Das Schreien von Säuglingen erfüllt also einen grundlegenden Zweck sowohl für das Kind als auch für die Personen in seinem Umfeld.
„Entscheidend ist, dass Säuglinge durch das Eingehen der Bezugspersonen auch lernen, wie es sich anfühlt, sich zu beruhigen. Dieses Gefühl ähnelt den inneren Veränderungen, die Erwachsene und ältere Kinder spüren, wenn sie ihre Emotionen regulieren - das heißt, ihr Herzschlag verlangsamt sich und sie fühlen sich wohl. Durch diese wiederholte Erfahrung erwerben Babys neue Lebenskompetenzen und sind mit zunehmendem Alter besser in der Lage, ihre eigenen Gefühle und ihr Verhalten zu regulieren.“
Ganz oft bedeutet für die Kleinsten, sich selbst zu beruhigen, dass sie saugen dürfen - an einem Schnuller, Finger oder einer Faust. Dabei äußern sie auch den klassischen Dunstan-Laut für Hunger oder Beruhigungssaugen.
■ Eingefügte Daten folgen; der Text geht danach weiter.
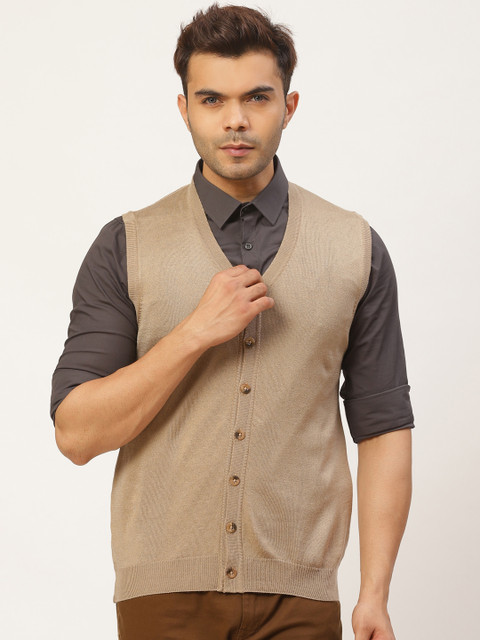 

Pierre Carlo Men Beige Solid Cardigan Sweater
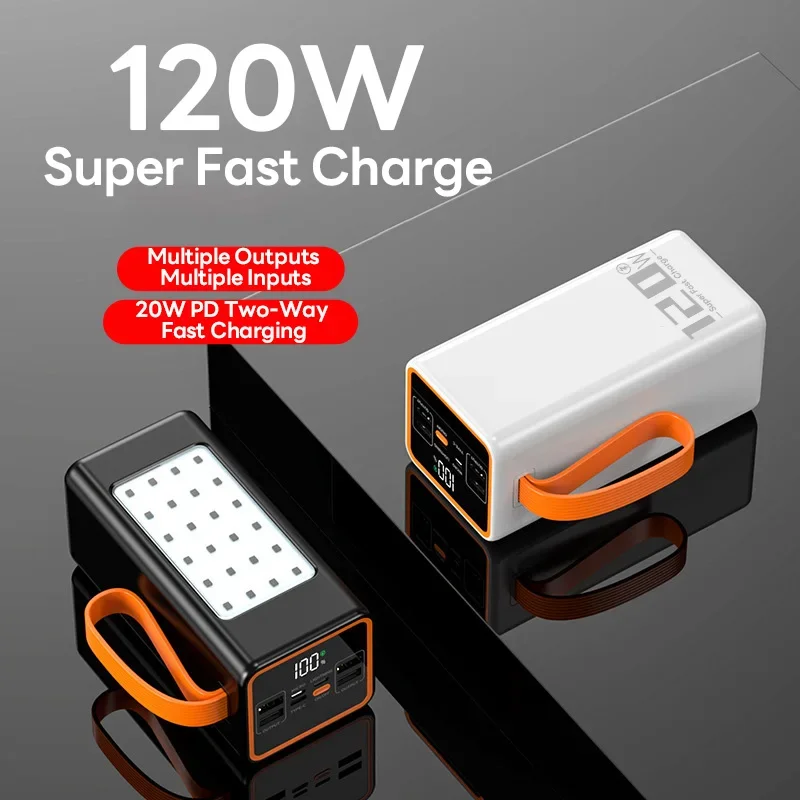 Imagem -03 - Banco de Potência de Carregamento Super Rápido com Grande Capacidade 120w 200000mah Luz Led Externa Adequado para Iphone Xiaomi Samsung Novo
Mit jedem Beruhigen und liebevollen Zuwenden unterstützt Du Dein Kind auf seinem Weg zur Selbstregulation – eine wertvolle Investition für seine Zukunft. Später im Leben entwickeln sich diese grundlegenden Beruhigungsfähigkeiten, die von klein auf als Reaktion auf die elterliche Fürsorge erlernt wurden, zur Regulierung in Notlagen zu Gewohnheiten, wie sie eher für Erwachsene typisch sind, wie z.B. das Zählen bis 10 oder das tiefe Durchatmen.
Letzteres kannst Du Dir natürlich auch immer dann zunutze machen, wenn Dein Baby zu Weinen beginnt. Dreimal tiefes Ein- und Austamen in den Unterbauch hilft Dir, Dich und Dein Nervensystem zu beruhigen, um im Moment anzukommen, um bewusst bei Dir und dem Kind zu sein und ihm besser zuhören zu können mit all Deinen Sinnen und Deiner vollen Aufmerksamkeit. So findest Du rascher und gelassener heraus, was es braucht und wie Du ihm zielgerichtet helfen kannst.
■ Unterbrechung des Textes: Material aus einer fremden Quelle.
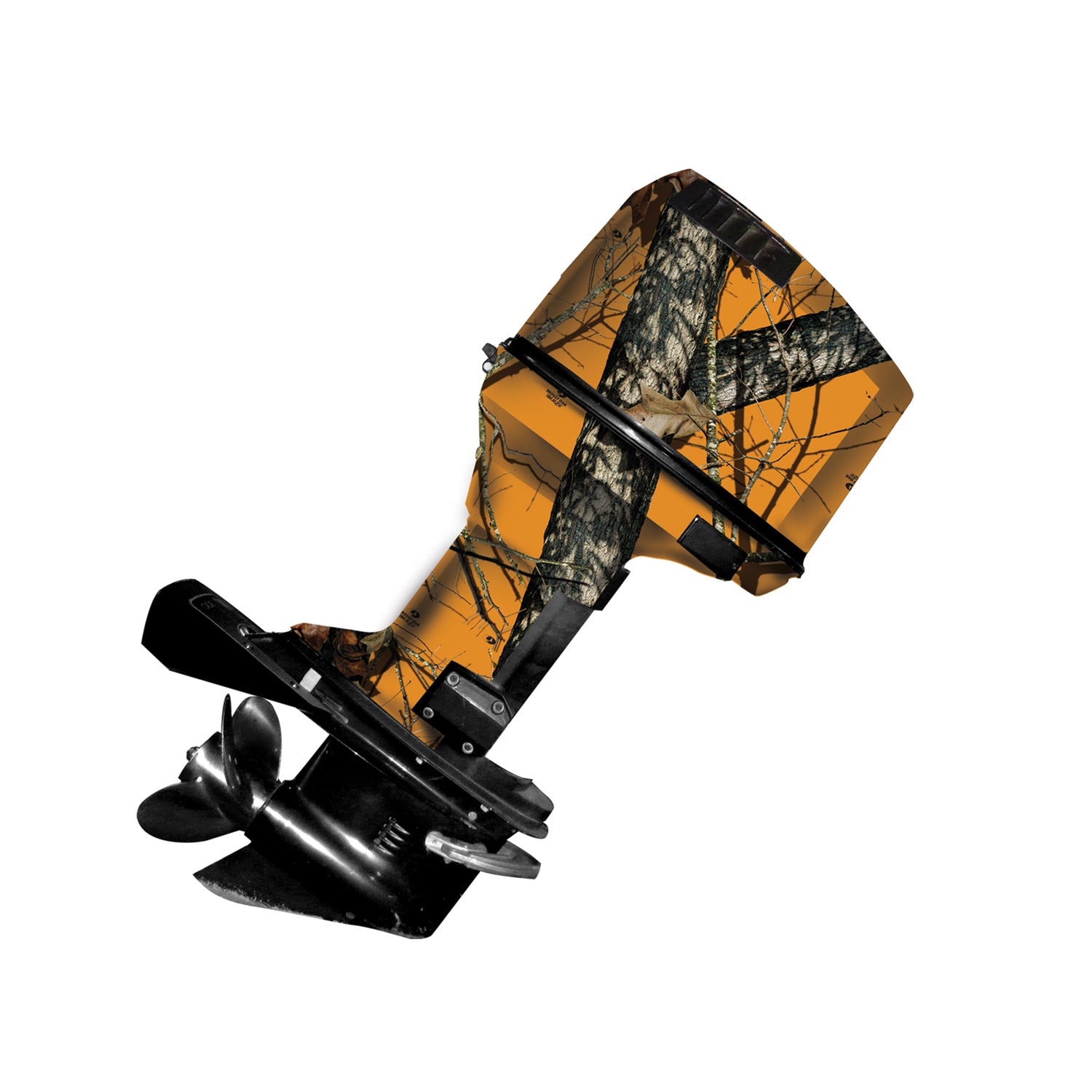 Mossy Oak Graphics camo boat vinyl wrap for boat motor in orange Blaze pattern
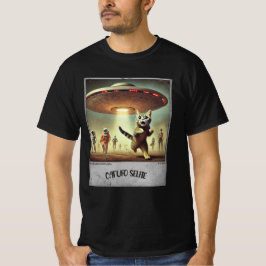 Camiseta Cat UFO Selfie: Gatinho assustado (t-shirt humana)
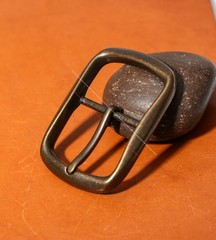 40mm Men Vintage Brass Tone Plated Western Leathercraft Center Bar Belt Buckle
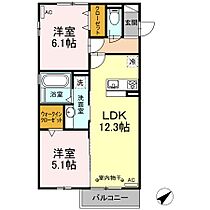 メルベーユK 203 ｜ 静岡県掛川市富部130-25（賃貸アパート2LDK・2階・55.44㎡） その2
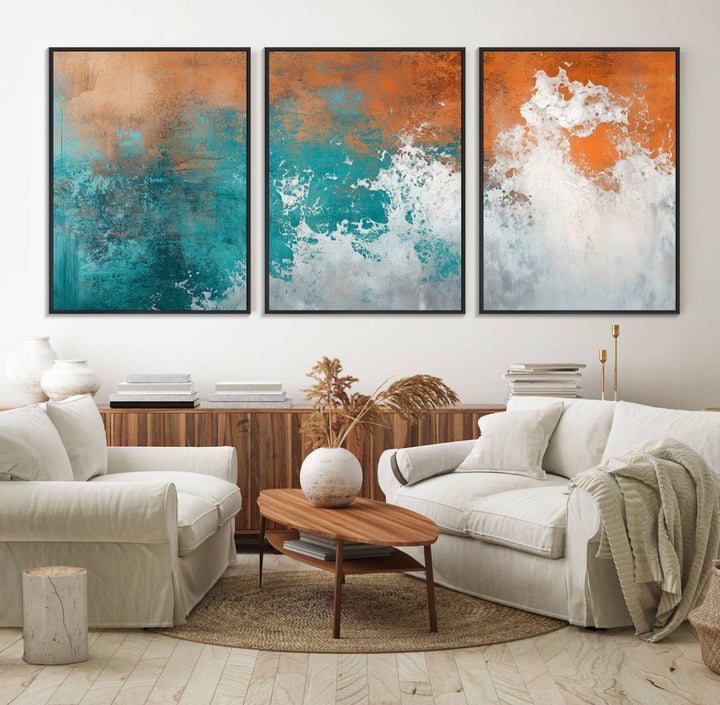 The Vintage Abstract Print - Bold Teal and Orange Canvas Wall Art is displayed on a porch.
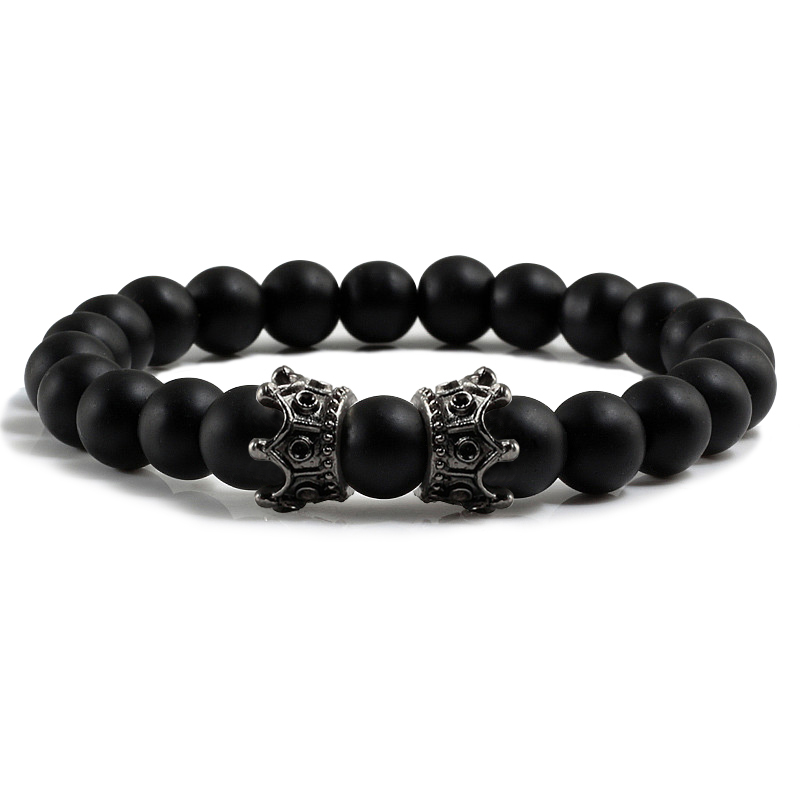 

Men Black Bracelet Natural Stone Beads Handmade Bracelets Bangles Women Golden Black Double Crown Bracelet Couple Jewelry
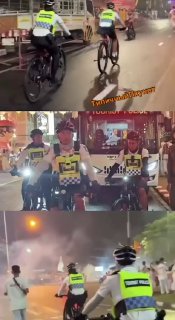 Полицейские на велосипедах на фестивале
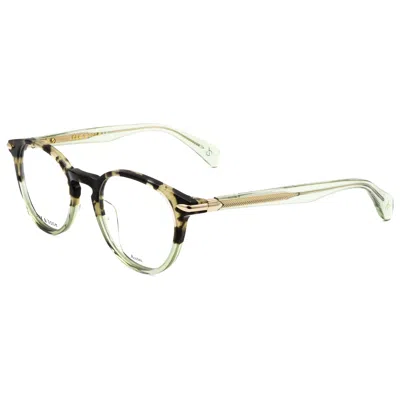 Rag & Bone Unisex 48mm Havana Green Shaded Opticals In Green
Bindung zwischen Betreuungsperson und Baby
„Die elterliche Reaktion auf das Schreien des Säuglings wirkt sich auch auf die Beziehung zwischen Säugling und Betreuungsperson aus,“ so erzählt Prof Amy Root weiter. „Die Bezugspersonen vermitteln dem Säugling die ersten Informationen über die Vorhersehbarkeit der sozialen Welt, die Vertrauenswürdigkeit anderer Personen und den eigenen Selbstwert.
Damit wird der Grundstein für die Qualität der lebenslangen Beziehung zwischen Bezugsperson und Kind gelegt. Wenn Säuglinge in Zeiten der Not getröstet werden, lernen sie, dass ihre Bezugsperson vertrauenswürdig und zuverlässig ist.“ Ihr Urvertrauen kann dann wachsen. Sie lernen auch, dass sie einer fürsorglichen, liebevollen Beziehung würdig sind, was sich positiv auf ihre zukünftigen Beziehungen auswirkt.
Eine Reihe von gut dokumentierten Studienergebnissen zeigen zudem, dass das Eingehen auf die kindlichen Bedürfnisse durch die Eltern bei Säuglingen, Kindern und Jugendlichen in engem Zusammenhang steht mit ihren kognitiven Funktionen, ihrer Sprachentwicklung, ihrem Selbstwertgefühl und ihrer zukünftigen Sensibilität für die Bedürfnisse von Kindern.
„Das Fehlen einer aufmerksamen Bezugsperson hingegen wird häufig mit späteren Verhaltensschwierigkeiten und Entwicklungsproblemen in Verbindung gebracht. Studien, so Root, zeigen, dass vernachlässigte Kinder Schwierigkeiten haben, Bindungen zu Gleichaltrigen aufzubauen und mit Ablehnung umzugehen.“
Also nur zu, verwöhne Dein Baby!
Amy Roots Rat, der sich auf die wissenschaftliche Literatur stützt, ist, dass Eltern bis zum Alter von mindestens 6 Monaten unverzüglich und konsequent auf das Schreien von Säuglingen reagieren sollten.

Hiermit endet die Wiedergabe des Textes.